A question about backpropagation

Hello everyone,

I have a question about backpropagation.

In my program I use cross_entropy as the cost function.

I use a DNN predict 3 weights(w1, w2, w3) for 3 different models(M1,M2,M3). And after that I calculate the prediction like this:
prediction=w1*M1+w2*M2+w3*M3(w1,w2,w3 are vectors and M1,M2,M3 are matrics)
I have a targetmatrice, now I want after training prediction same as targetmatrice.
my code is like this:

prediction = w1.mul(M1) + w2.mul(M2) + w3.mul(M3)

            loss = loss_func(prediction.cuda(), target.cuda())

I want to ask if I do something wrong? Because the loss seems difficult to reduce.

Please help me
Thank you

Hello Wentao!

It is not clear to me what you are trying to do.

One key question:

When you call optimizer.step(), what numbers are you
intending to update? Normally, you would have the optimizer
update weights (and biases) in your model. What optimizer
are you using? What did you pass in as your parameters
when you instantiated optimizer?

Some more questions:

Are M1, M2, and M3 fixed, and you are trying to optimize
the values of w1, w2, and w3? Or vice versa? (Or both?)

Why are the ws vectors? What are the shapes of the ws and
Ms? What is the shape of prediction? What are your inputs?

It sounds like you are trying to get a predicted matrix to match
a target matrix. You say you are using “cross_entropy”. This
doesn’t seem like the appropriate loss function for what I am
guessing you are trying to do. A loss function along the lines
of mean-squared-error might be a better choice.

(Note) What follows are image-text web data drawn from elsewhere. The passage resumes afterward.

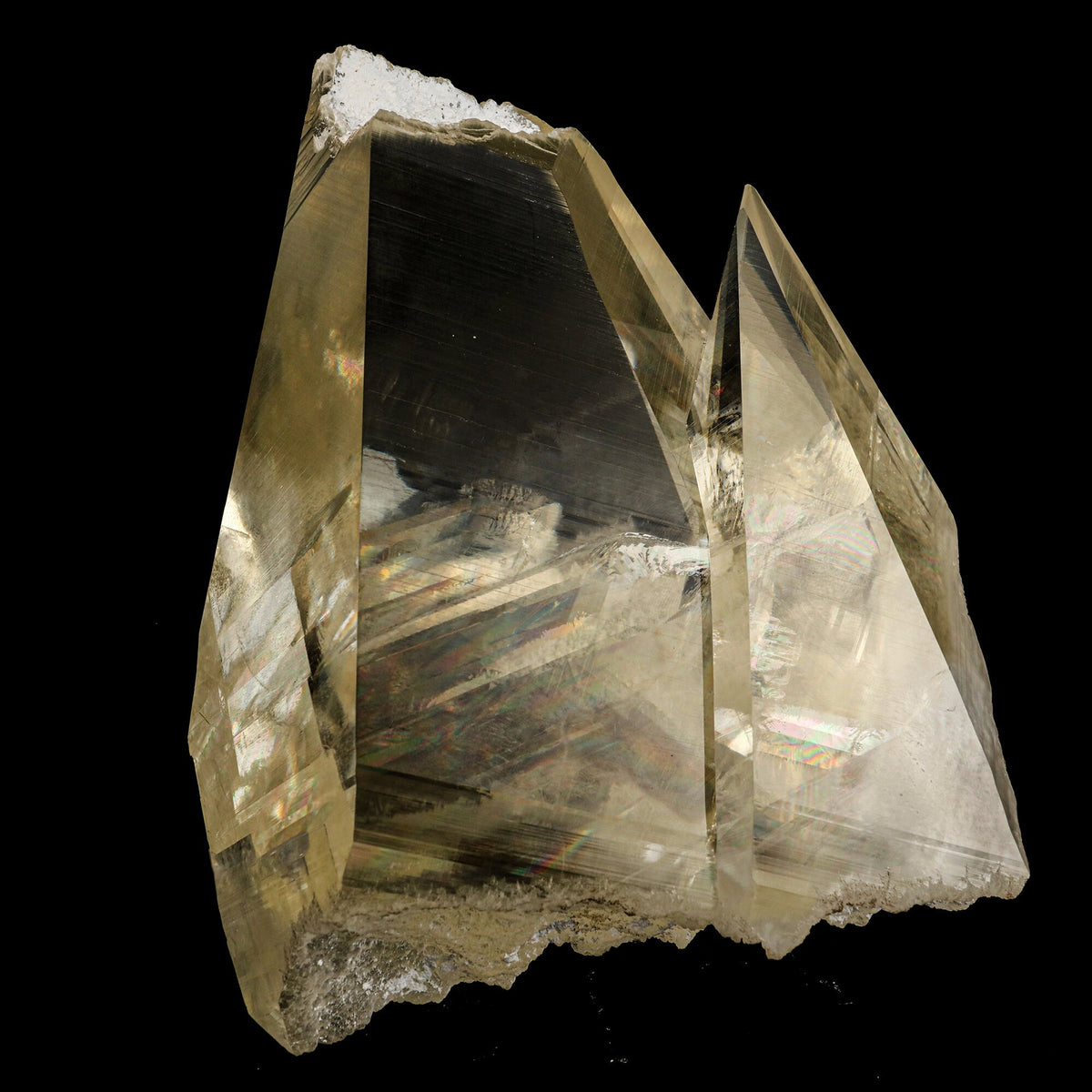 Calcite with champagne color, supreme clarity, and rainbows from light refraction. Museum quality natural specimen discovered near Jalgaon, accidentally, in a well pocket being drilled on farmland.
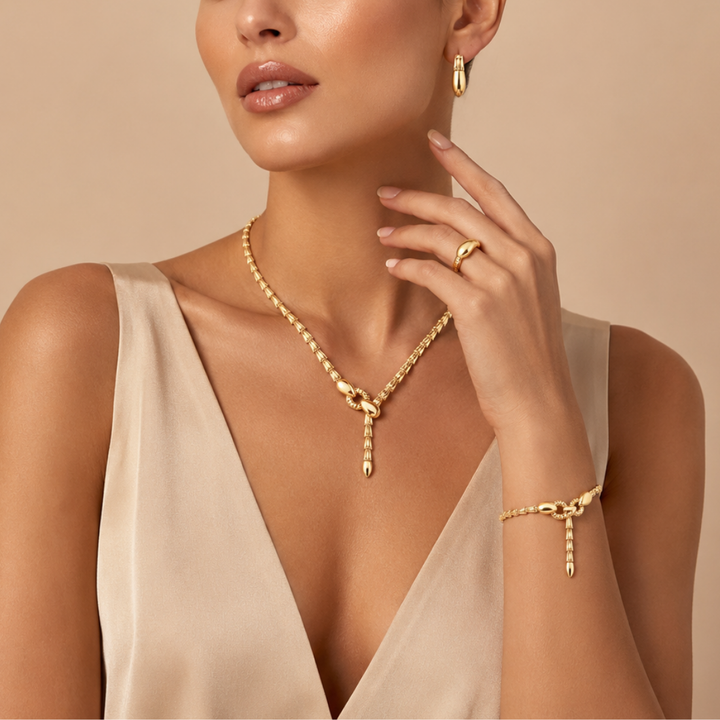 VIERTEILIGES GOLDSET IM KNOTEN-DESIGN MIT ANHÄNGER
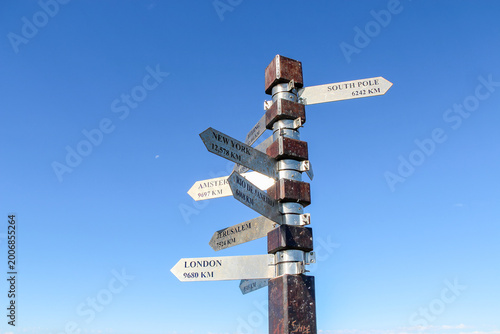 Direction signpost pointing world cities blue sky background. Metal arrows indicating global travel destinations distance during sunny day suitable for tourism and adventure navigation concepts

(CrossEntropyLoss is typically used for classification problems,
and takes integral class labels for its target.)

Good luck.

K. Frank

Hello Frank,

Thank you for your reply!

What I‘m trying to do is stream weighting, so M1, M2, M2 are the fixed matrices. I want use dnn to predict the weights for the different models, so w1,w2,w3 are the vectors which have the same length as M1,M2,M3. The optimizer is used to update the parameters in dnn. The dnn produces the weights vectors. The cross entropy will be better for my task, because the output is kind of posteriors probability. I‘m not sure if I have made some mistakes, I don‘t know why my loss don‘t reduced.

Thank you